## The task
As you print the data below, keep every line exactly as it is and leave the images behind.

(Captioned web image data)
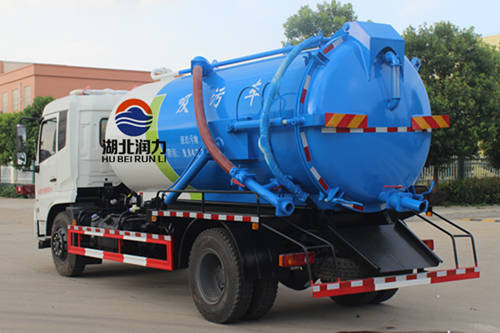 吸污車與吸糞車的全面解析 功能、結構與應用場景對比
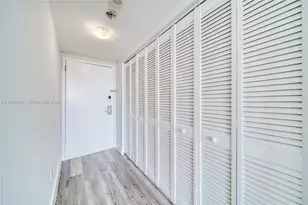 2000 NE 135th St, North Miami, FL 33181 - Photo 9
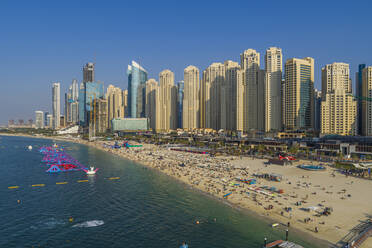 Luftaufnahme der Skyline von Dubai entlang der Küstenlinie und des Strandes, Dubai, Vereinigte Arabische Emirate. - AAEF14286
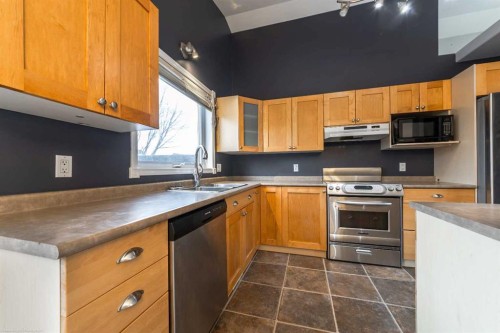6105 21 Street, Lloydminster, AB - Indoor Photo Showing Kitchen With Double Sink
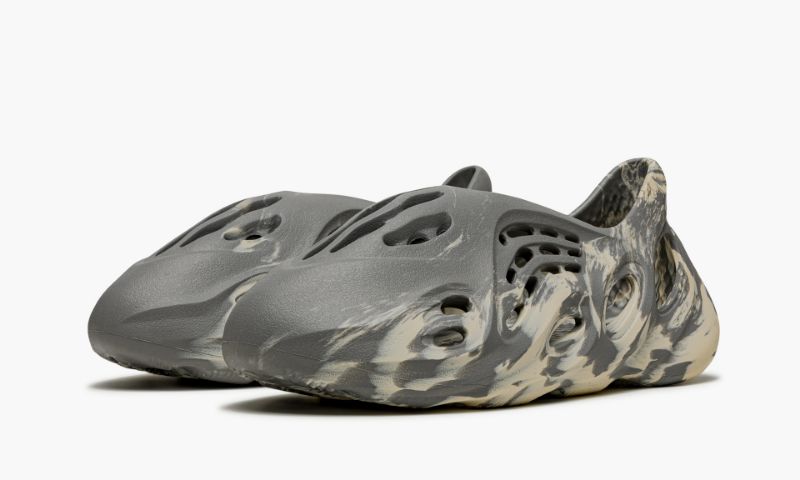 YZY Foam RNNR MXT Moon Gray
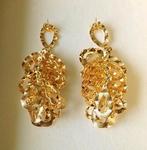 Oorbellen goud 18K oorhangers - hangers blaadjes, Hangers, Verzenden, Nieuw, Goud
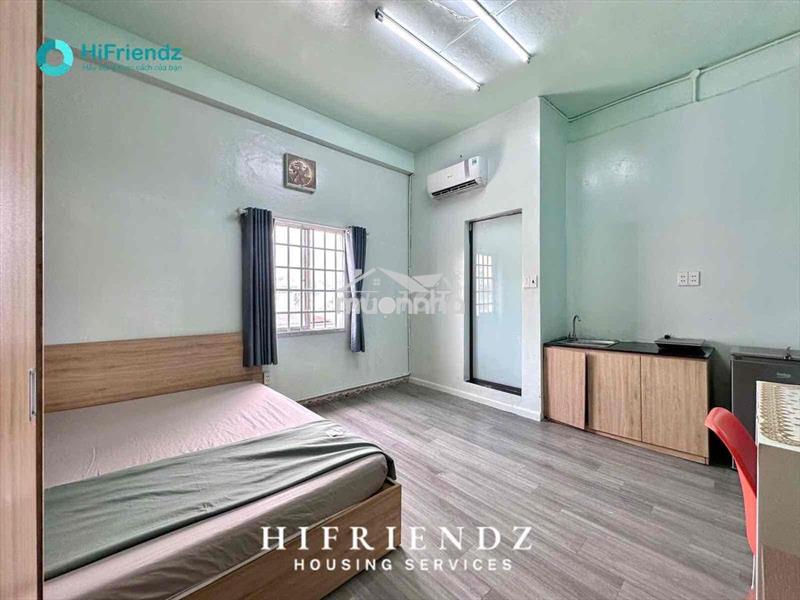 Phòng trọ cửa sổ thoáng - full nt gần parc mall, ueh b giáp q5,q10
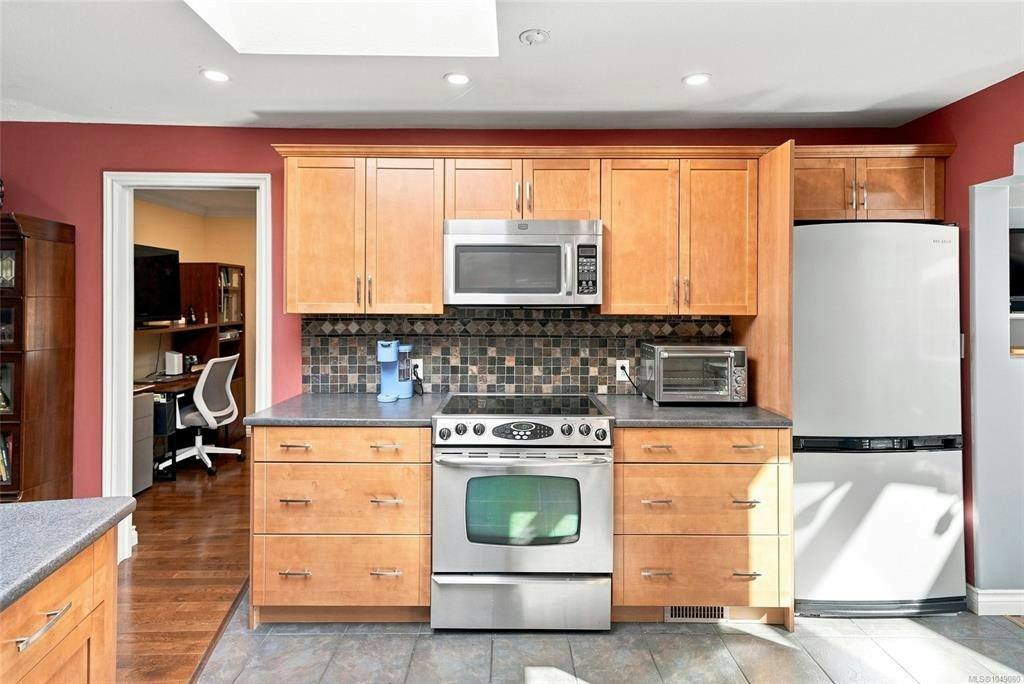 611 Pioneer Crescent, Parksville, BC, V9P 1T5 - 17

## Answer to the problem
 吸污車與吸糞車的全面解析 功能、結構與應用場景對比
 2000 NE 135th St, North Miami, FL 33181 - Photo 9
 Luftaufnahme der Skyline von Dubai entlang der Küstenlinie und des Strandes, Dubai, Vereinigte Arabische Emirate. - AAEF14286
6105 21 Street, Lloydminster, AB - Indoor Photo Showing Kitchen With Double Sink
 YZY Foam RNNR MXT Moon Gray
 Oorbellen goud 18K oorhangers - hangers blaadjes, Hangers, Verzenden, Nieuw, Goud
 Phòng trọ cửa sổ thoáng - full nt gần parc mall, ueh b giáp q5,q10
 611 Pioneer Crescent, Parksville, BC, V9P 1T5 - 17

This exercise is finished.